▶ **What is required**:
Without the pictures, write out all the lines below exactly as they appear.

═════ Collected material ═════

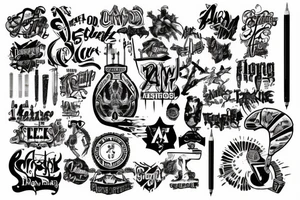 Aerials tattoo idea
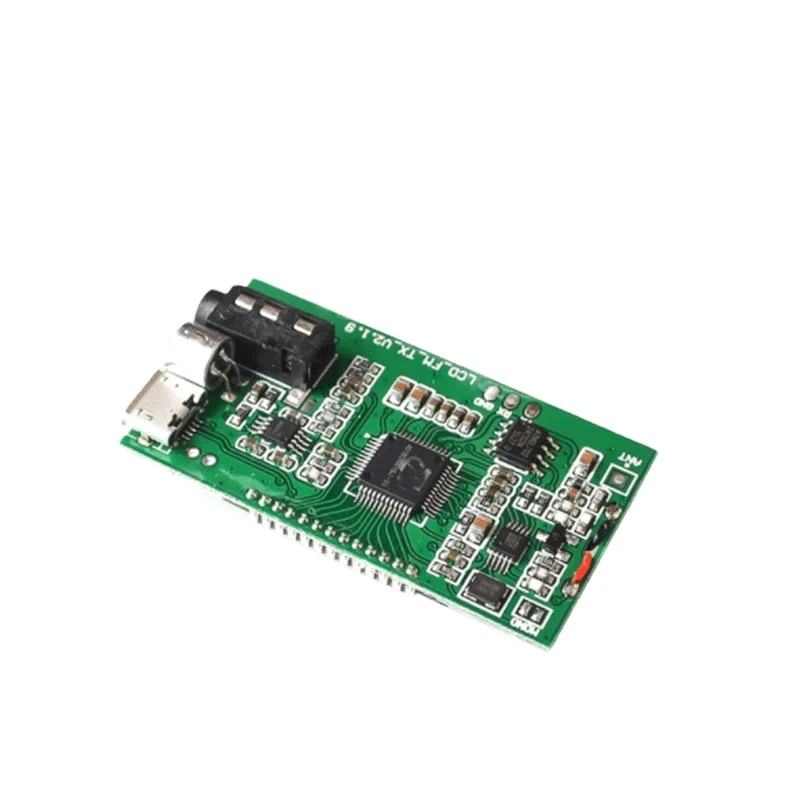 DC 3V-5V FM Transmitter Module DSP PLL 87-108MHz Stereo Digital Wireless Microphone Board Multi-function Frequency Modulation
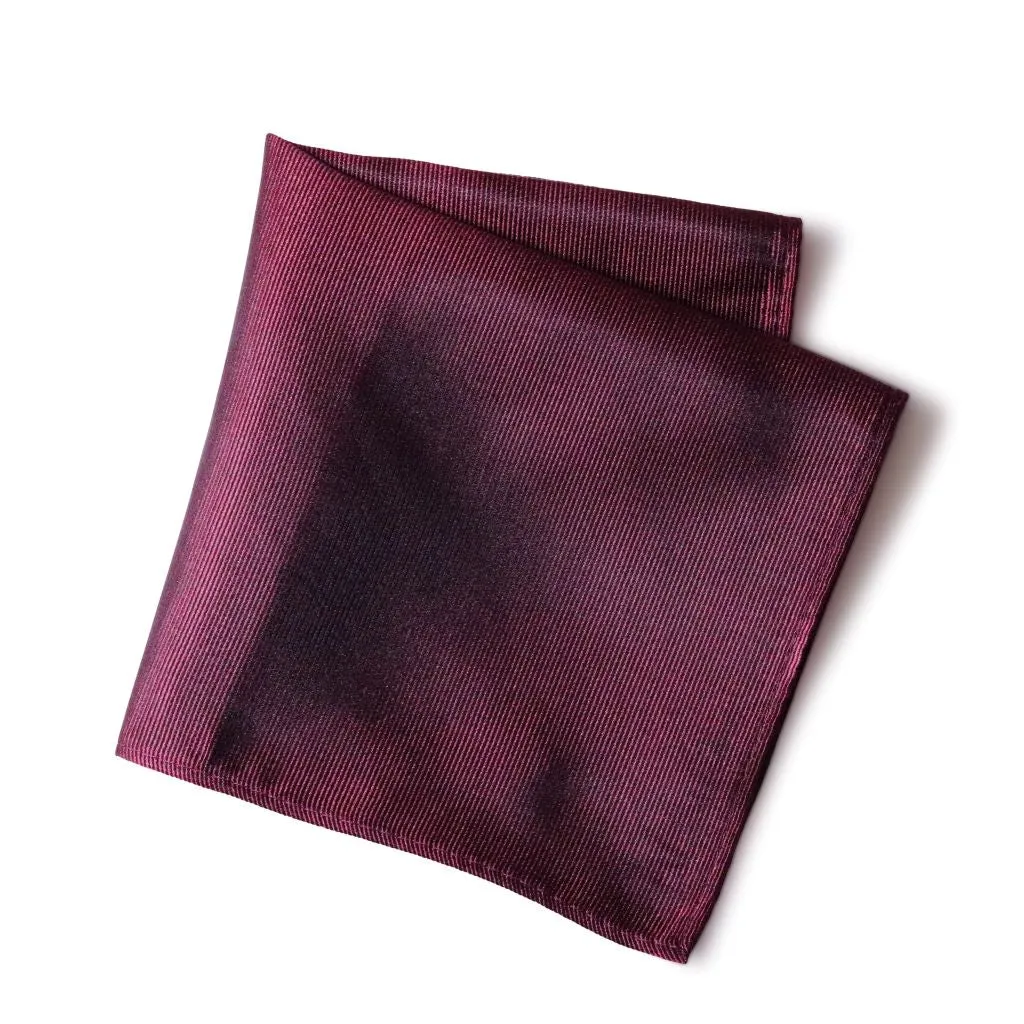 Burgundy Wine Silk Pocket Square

═════

▶ **Output for this exercise**:
 Aerials tattoo idea
 DC 3V-5V FM Transmitter Module DSP PLL 87-108MHz Stereo Digital Wireless Microphone Board Multi-function Frequency Modulation
 Burgundy Wine Silk Pocket Square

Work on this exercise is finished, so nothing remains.